Ce vendredi, la cour d’assises du Tarn a rendu son verdict dans l’affaire Cédric Jubillar. L’ouvrier peintre-plaquiste de 38 ans a été reconnu coupable du meurtre de son épouse Delphine, disparue dans la nuit du 15 au 16 décembre 2020 à Cagnac-les-Mines, et condamnée à 30 ans de réclusion criminelle. La peine prononcée suit les réquisitions de l’avocat général et survient après quatre semaines d’audience marquées par une forte médiatisation. Le corps de la victime n’a jamais été retrouvé.

Une audience chargée d’émotion

Au moment de l’énoncé du verdict, Cédric Jubillar est resté impassible, mains serrées sur la paroi vitrée de son box. Les proches de Delphine, regroupés sur les bancs des parties civiles, ont réagi par des larmes et des étreintes. Un oncle de la victime a été victime d’un malaise, nécessitant l’intervention des secouristes. Pour Me Philippe Pressecq, avocat d’une partie de la famille, « les jurés ont été à la hauteur de l’enjeu pendant ces quatre semaines », ajoutant que « c’est parce qu’ils ont bien suivi et bien compris le dossier qu’ils ont pris une décision incontestable ».

Avant le début des délibérations, Cédric Jubillar avait une dernière fois affirmé n’avoir « absolument rien fait à Delphine ». Tout au long du procès, il avait maintenu cette position, malgré les réquisitions de 30 ans de réclusion criminelle et les éléments présentés par l’accusation.

La défense fait appel

Avec cette condamnation, un nouvel épisode judiciaire s’ouvre. La défense a confirmé qu’elle ferait appel, espérant qu’un autre jury populaire pourrait réexaminer les éléments du dossier. L’affaire Cédric Jubillar reste ainsi au centre de l’attention, tant pour la gravité des accusations que pour les questions sur la disparition non élucidée de Delphine et la protection des enfants du couple.

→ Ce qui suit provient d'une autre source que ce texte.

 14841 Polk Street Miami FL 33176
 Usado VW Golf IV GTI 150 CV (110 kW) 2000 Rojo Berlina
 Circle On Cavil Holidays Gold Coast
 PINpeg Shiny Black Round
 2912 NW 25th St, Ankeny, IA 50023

Des réactions contrastées de la défense et des parties civiles

À la suite du verdict, les avocats de la défense, Me Emmanuelle Franck et Me Alexandre Martin, ont annoncé leur intention de faire appel : « Ça a été violent pour notre client. Il réagit comme un homme abattu, personne n’aimerait être à sa place. Nous respectons la décision du jury populaire. Nous sommes déçus, mais nous savions qu’il y aurait un deuxième combat. »

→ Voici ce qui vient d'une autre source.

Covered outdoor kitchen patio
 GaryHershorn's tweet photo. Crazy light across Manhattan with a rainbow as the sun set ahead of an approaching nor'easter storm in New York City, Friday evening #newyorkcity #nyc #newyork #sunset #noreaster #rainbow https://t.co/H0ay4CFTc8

Pour les parties civiles et leurs avocats, le soulagement est palpable. Me Malika Chmani a déclaré : « Justice est passée. C’est important pour les enfants, 30 ans, c’est à la hauteur de l’absence d’aveu et d’absence de corps. C’est un moment important et on a enfin des parties civiles qui ont pu exprimer leur émotion ». Me Mourad Battikh, représentant l’oncle et la tante de Delphine, a ajouté : « Mes clients vont pouvoir avancer, même si cela va être compliqué. Delphine est morte, et elle ne reviendra pas. Elle a été tuée par son mari qui nous prive encore du corps de Delphine ».

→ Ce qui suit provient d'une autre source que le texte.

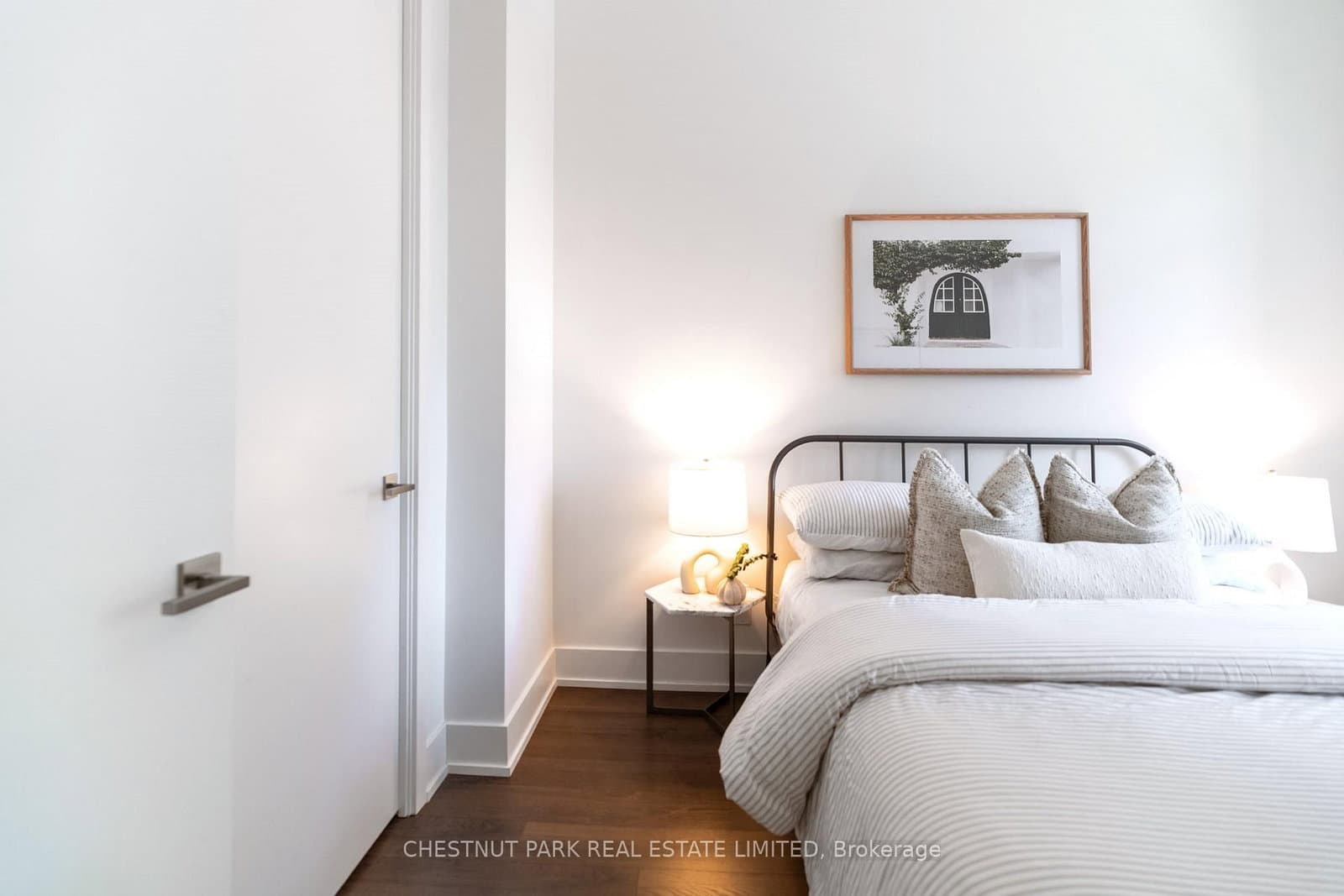 111 St Clair Avenue W, Unit 320 thumbnail 20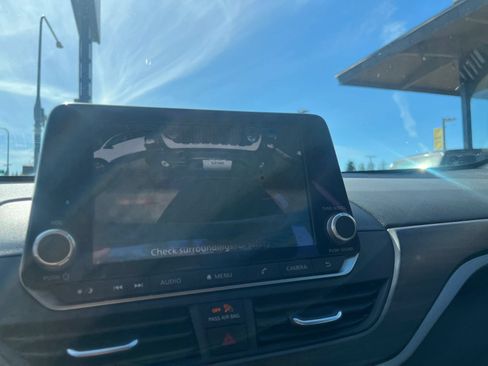 Used 2025 Nissan Altima 2.5 SV FWD image 24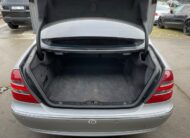 MERCEDES-BENZ E 400 CDI Avantgarde Automatic (Limousine)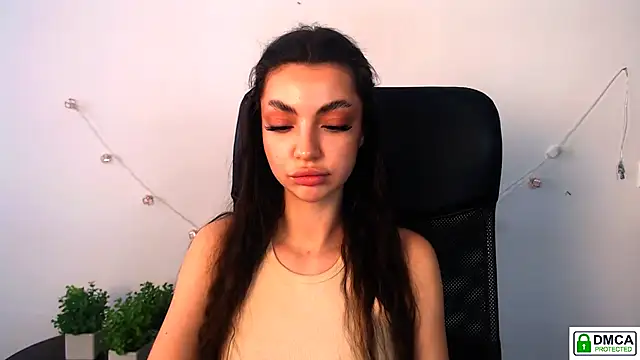 Lexi Jous online show from 04/08/26, 12:39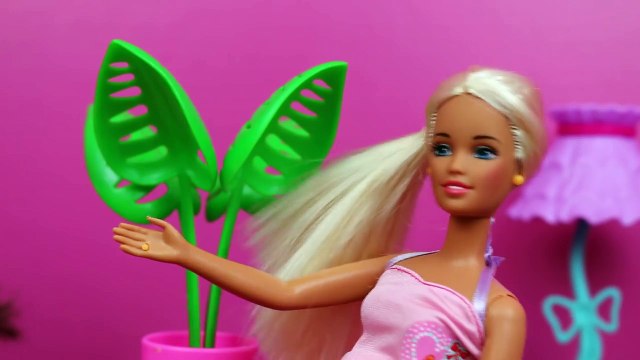 Barbie Doll Spanish Lesson with New Latina Disney Princess Vera DisneyCarToys Pregnant Barbie Parody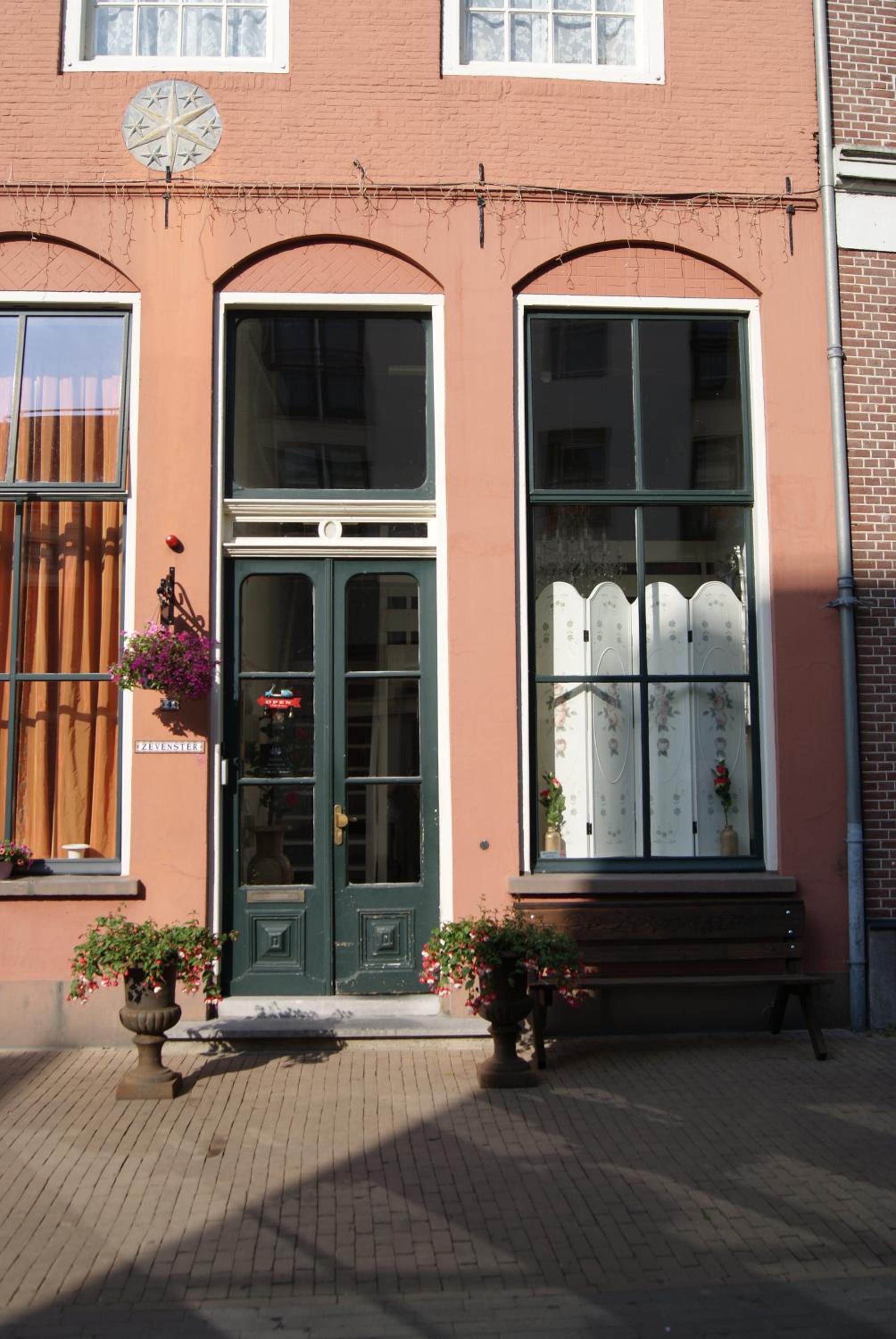 Photo 33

Une affaire marquée par l’absence de preuve matérielle

L’accusation avait présenté un dossier fondé sur des éléments indirects et l’enquête du chien pisteur, concluant que Delphine n’avait pas quitté son domicile la nuit de sa disparition. L’avocat général Pierre Aurignac avait déclaré : « Pour défendre l’idée de l’innocence de M. Jubillar, il faut écarter quatre experts, faire taire 19 témoins et tuer le chien pisteur ».

De son côté, la défense avait tenté de semer le doute sur la culpabilité de Cédric Jubillar, soulignant notamment l’absence de traces matérielles d’un crime passionnel : « Un pétage de plomb laisse toujours des traces. Or il n’y en a aucune », avait plaidé Me Emmanuelle Franck.

Que retenir rapidement ?

Ce vendredi, la cour d’assises du Tarn a rendu son verdict dans l’affaire Cédric Jubillar. L’ouvrier peintre-plaquiste de 38 ans a été reconnu coupable du meurtre de son épouse Delphine, disparue dans la nuit du 15 au 16 décembre 2020 à Cagnac-les-Mines, et condamnée à 30 ans de réclusion criminelle.